El año pasado, Carlos Peña nominó de manera similar su libro, Por qué importa la filosofía (Taurus, 2018). Ambas interrogantes, como observa Peña, remiten a “la creencia de que todo lo que hacemos se justifica en la utilidad que presta”.

Eso haría plausible la “idea de que ciertos quehaceres intelectuales”, como escribir, publicar y leer una novela o un tratado filosófico, “arriesgan el despilfarro y la inutilidad”.

Esta idea es, sin duda, una de las más notorias “desventajas del espíritu comercial”, por el “que las mentes de los hombres se contraen y se vuelven incapaces de elevarse. Se desprecia la educación o, por lo menos, se deja de lado, y el espíritu heroico se extingue casi por completo”.

La cita, que tomé prestada de Patricio Fernández, pertenece al economista y filósofo Adam Smith, y en ella se aprecia el peligro de buscar un beneficio o provecho inmediato y evidente en todas nuestras actividades, como única justificación para realizarlas.

Tal vez contra ese sentido pragmático e instrumental, en 1996 la Conferencia General de la UNESCO decidió celebrar el 23 de abril, el Día Mundial del Libro y del Derecho de Autor.

La fecha conmemora el fallecimiento, en 1616, de Cervantes, Shakespeare y el Inca Garcilaso de la Vega; aunque los datos son imprecisos, inexactos, se justifica la elección por la envergadura de los nombres que reúne.

La pregunta, empero, sigue en pie, ¿para qué sirven los libros?
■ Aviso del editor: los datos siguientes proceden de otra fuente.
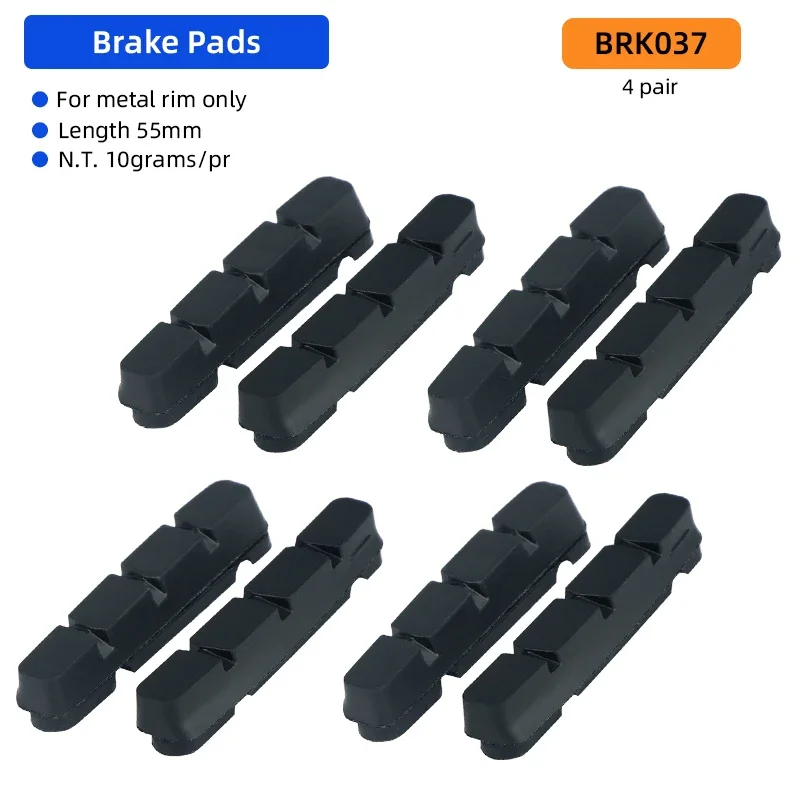 55mm Caliper Brakes Pad for Road Bike Metal Rim Low Wear Bicycle Stopping Blocks for C Shape Clamp Cycle Brake Inserts Replaceme: Navy Blue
El cuestionamiento remite específicamente a volúmenes que carecen de utilidad visible, excluyendo, entonces, los manuales, enciclopedias o cualquiera que “enseñe” algo concreto y necesario.

Para dar respuesta, podemos citar a Fernando Savater, quien afirma que se puede vivir sin saber astrofísica o neurociencia, pero no “sin saber distinguir aquello que nos conviene de lo que nos perjudica”. Y también lo que conviene o perjudica a otros.
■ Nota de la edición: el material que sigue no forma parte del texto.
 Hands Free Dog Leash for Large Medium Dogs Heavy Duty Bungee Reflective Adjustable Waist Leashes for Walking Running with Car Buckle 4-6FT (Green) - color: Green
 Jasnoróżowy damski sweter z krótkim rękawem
Pues bien, a eso precisamente invitan novelas, poesía, dramaturgia, ensayos filosóficos o crónicas literarias: a descubrir más de los otros, de sus realidades, de las formas de vidas que gozan o padecen; a ingresar a sus mentes, a sus mundos, a sus alegrías y frustraciones.
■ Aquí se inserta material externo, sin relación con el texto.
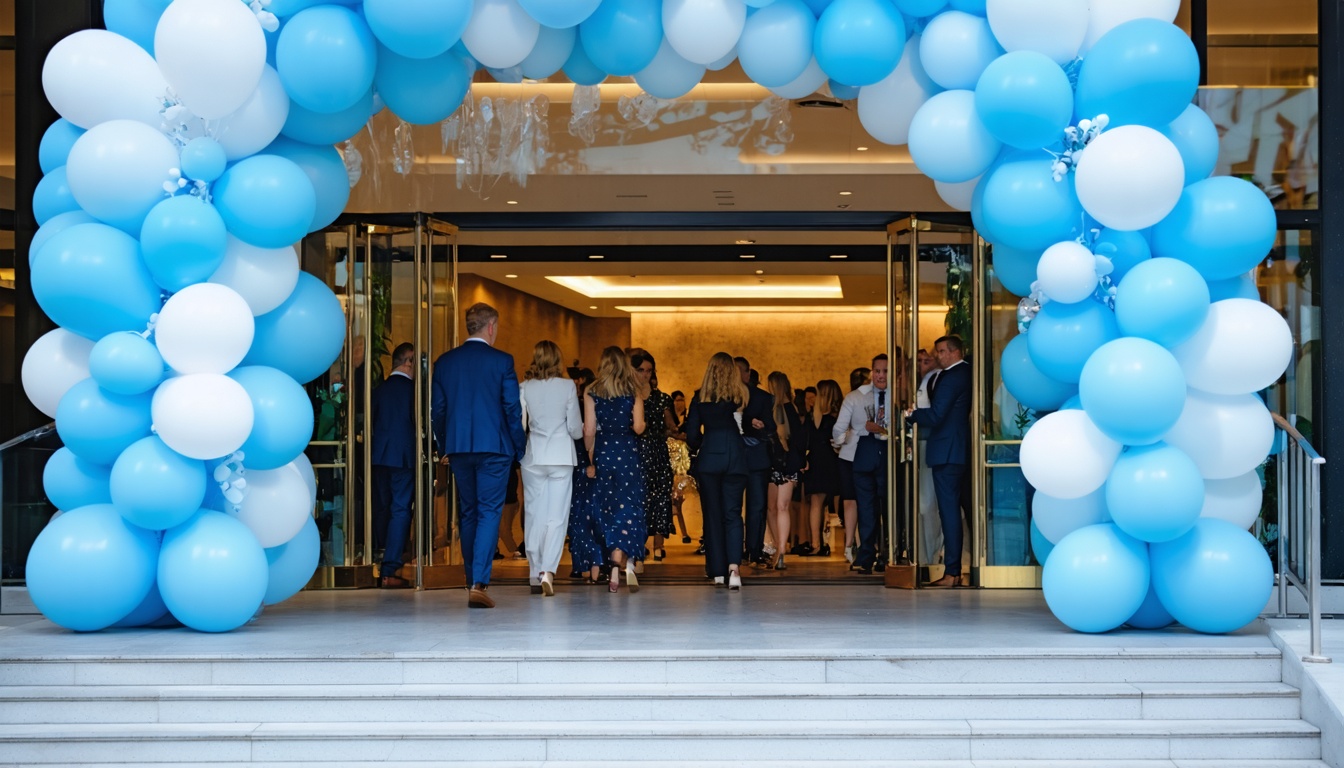 Entree van een Nederlands bedrijfsevenement met blauwe ballonnenboog en zuilen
Esas lecturas permiten, nada menos, que empatizar con el otro, descubrir en él aquello que nos hace semejantes y también posibilita, al apreciar lo que nos diferencia, entender que nuestra forma de vida no es la única posible ni legítima.

A esto nos invita a pensar el Día mundial del libro, que todos los quehaceres intelectuales nos nutren y hacen mejores personas, poniendo de relieve las complejidades de la existencia humana.